Le Prince Raymond retrace une aventure bien connue de nos campagnes sous une forme maladroitement rajeunie et sous le titre d’Adélaïde et Ferdinand, aventure dont le répit s’appelle en Normandie Marianson ou les Trois Anneaux, et se retrouve en Suisse et en Provence, sans parler d’un pastiche que M. Hoffmann de Fallersleben a composé en vieux hollandais sur le même sujet. M. de Beaurepaire, dans son Etude sur la poésie populaire en Normandie, assure que le souvenir de la châtelaine malheureuse reste attaché à la Tour Couronnée d’Alençon. À Berne, la femme du sire de Vanel est l’héroïne de la ballade. M. Nigra, d’après les noms et les localités, incline à croire cette chanson d’origine provençale. Un chevalier revenant dans son château, où il a laissé sa jeune femme, rencontre un seigneur félon qui se dit aimé d’elle, et pour preuve montre ses anneaux de mariage qu’il a fait imiter. L’époux, transporté de fureur, lance contre terre l’enfant que lui présente Marianson (ce nom est conservé dans la version piémontaise), et, la prenant elle-même par les cheveux, il l’attache à la queue de son cheval. Cependant les vrais anneaux lui sont représentés, et il meurt de douleur en formulant cette espèce de conclusion morale :

Per una lingua che m’ha tradito,
Gli è in tre che bisogna morire !

Les nombreuses versions de cette romance se suivent pas à pas et se complètent l’une par l’autre.
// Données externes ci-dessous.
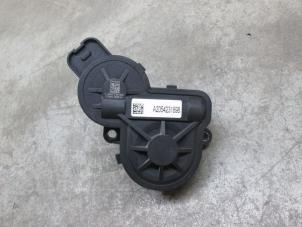 Gebruikte Handrem Module Mercedes C (W205) Prijs € 54,45 Inclusief btw aangeboden door NNP Automotive Group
Là où la canzone piémontaise s’exprime ainsi :

Su tutte le rive, in tutte le siepi
Scorre il sangue della Marianson,


la romance française reproduite par Bouchaud[1] dit plus énergiquement peut-être :

N’y avait arbre ni buisson
Qui n’eût sang de Marianson,


et ce trait est reproduit presque littéralement dans la complainte franco-suisse, assez ridicule du reste, insérée dans la Suisse pittoresque, publication italienne de M. Tullio Dandolo, dans la Complainte de la Croix pleureuse, citée et un peu arrangée par Emile Souvestre, enfin dans une ballade danoise traduite par M. Marmier ; mais il faut convenir avec M. Nigra que la canzone piémontaise est en général plus belle, plus naïve, plus voisine de la rédaction originale. On y trouve de ces détails saisissans qui révèlent une première

  1. Essai sur la Poésie rhythmique, Paris, 1763.